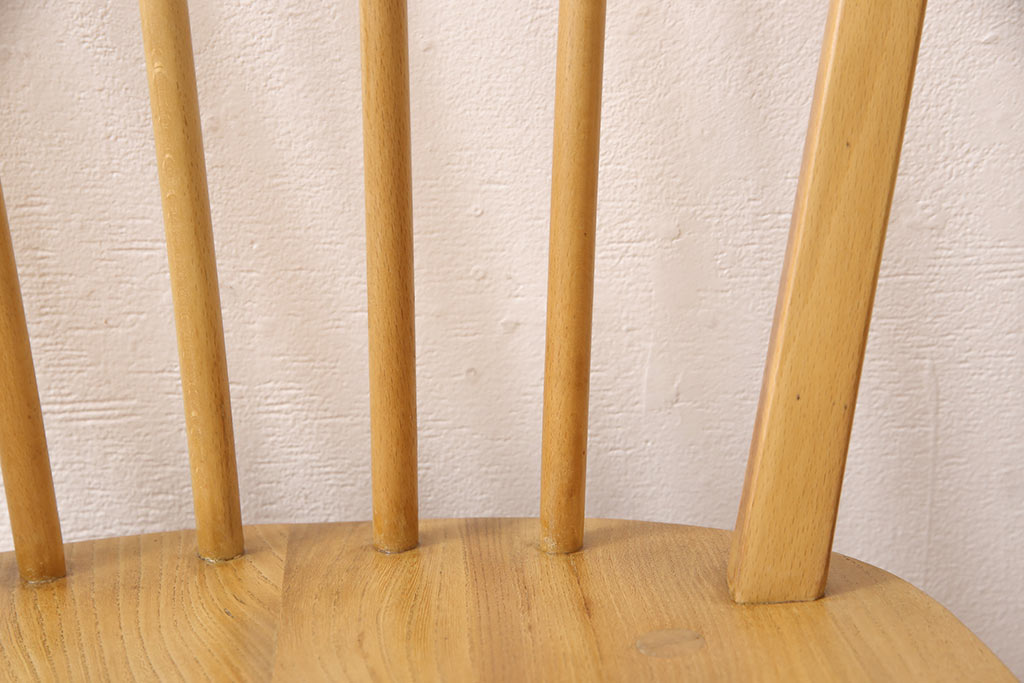 イギリスビンテージ　ERCOL(アーコール)　ナチュラルな雰囲気がかわいらしいフープバックチェア2脚セット(板座チェア、ダイニングチェア、ヴィンテージ)(R-052441)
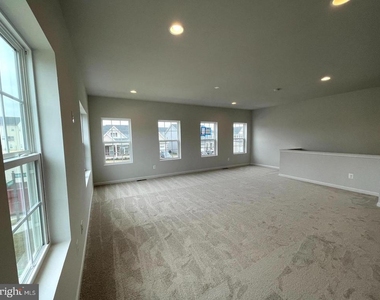 200 Norland Knoll Dr - Photo Thumbnail 6
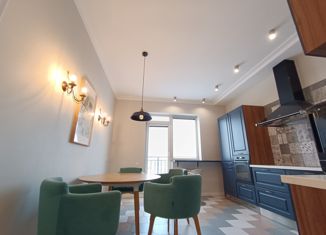 Продаю четырехкомнатную квартиру, 134.9 м2, Санкт-Петербург, Лиговский проспект, 123, метро Лиговский проспект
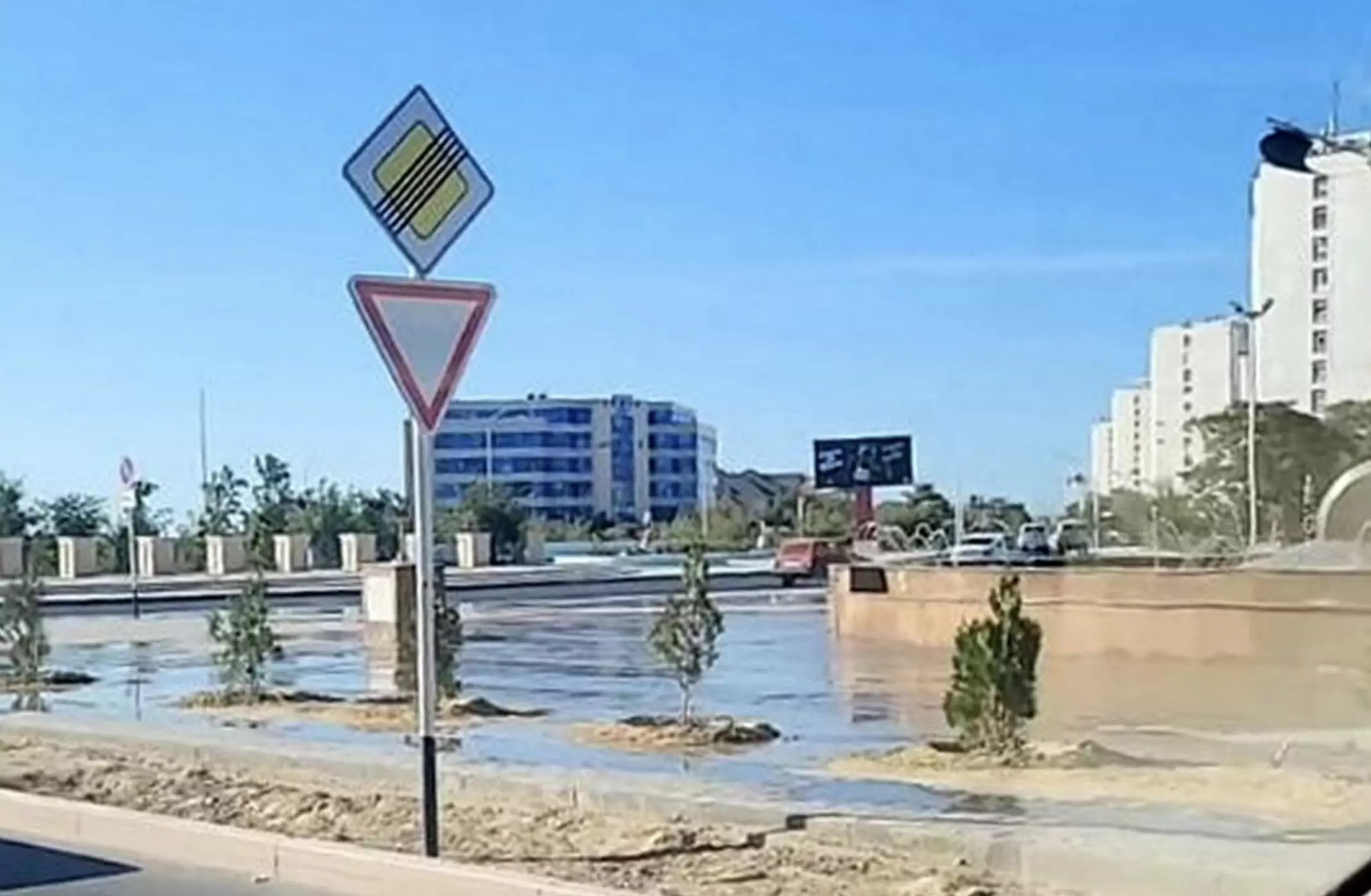 Вода из фонтана растеклась по улицам в Актау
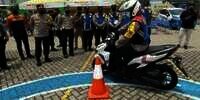 Polisi Resmi Hapus Lintasan Angka 8 dan Zig-zag Ujian Praktik SIM C, Diganti Jalur Huruf S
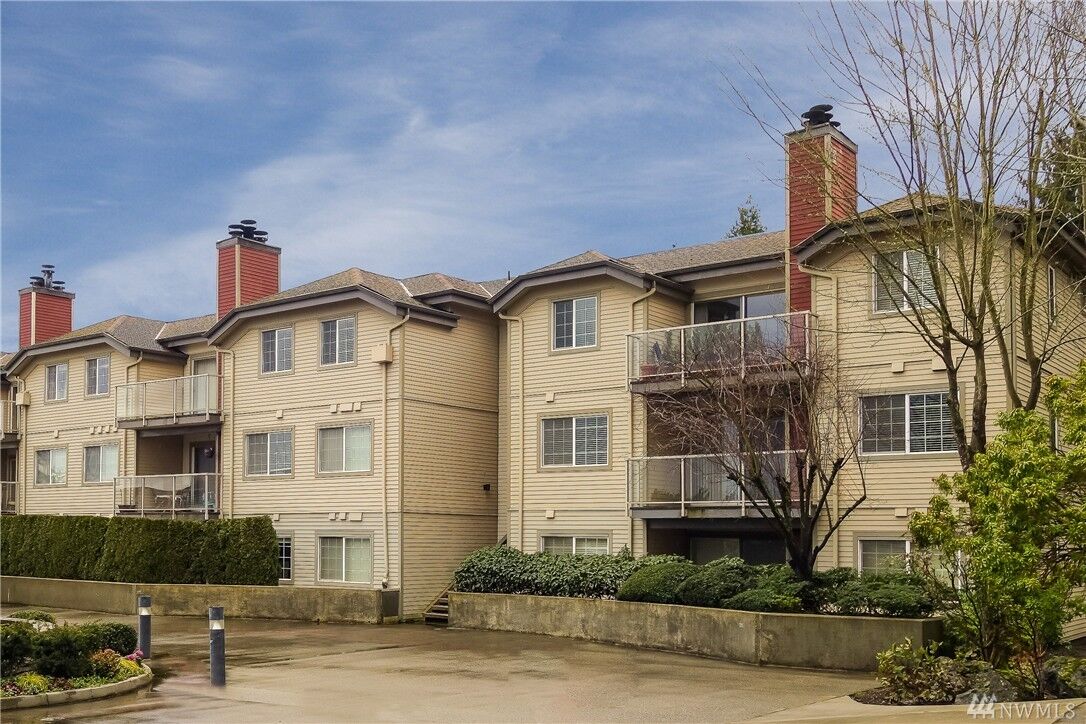 Property Photo: 2760 76th Ave SE 607 WA 98040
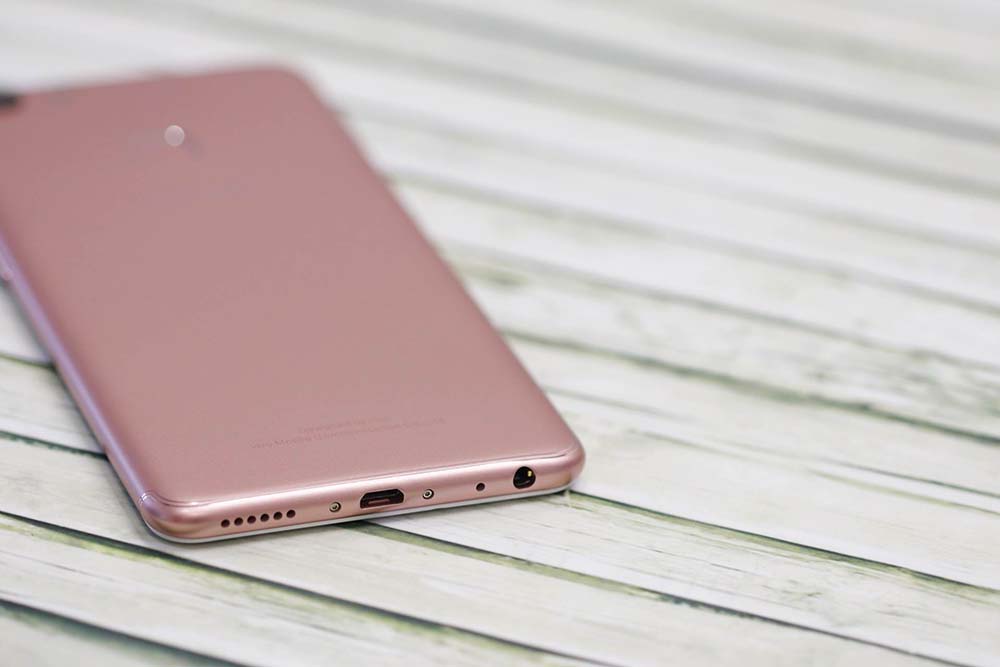 Обзор смартфона Vivo V11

- **Task goal**: Return only the lines from the one containing "200 Norland Knoll Dr - Photo Thumbnail 6" through the last line of the entries above, exactly as written and without pictures.

- **Result for this task**:
 200 Norland Knoll Dr - Photo Thumbnail 6
 Продаю четырехкомнатную квартиру, 134.9 м2, Санкт-Петербург, Лиговский проспект, 123, метро Лиговский проспект
 Вода из фонтана растеклась по улицам в Актау
 Polisi Resmi Hapus Lintasan Angka 8 dan Zig-zag Ujian Praktik SIM C, Diganti Jalur Huruf S
 Property Photo: 2760 76th Ave SE 607 WA 98040
 Обзор смартфона Vivo V11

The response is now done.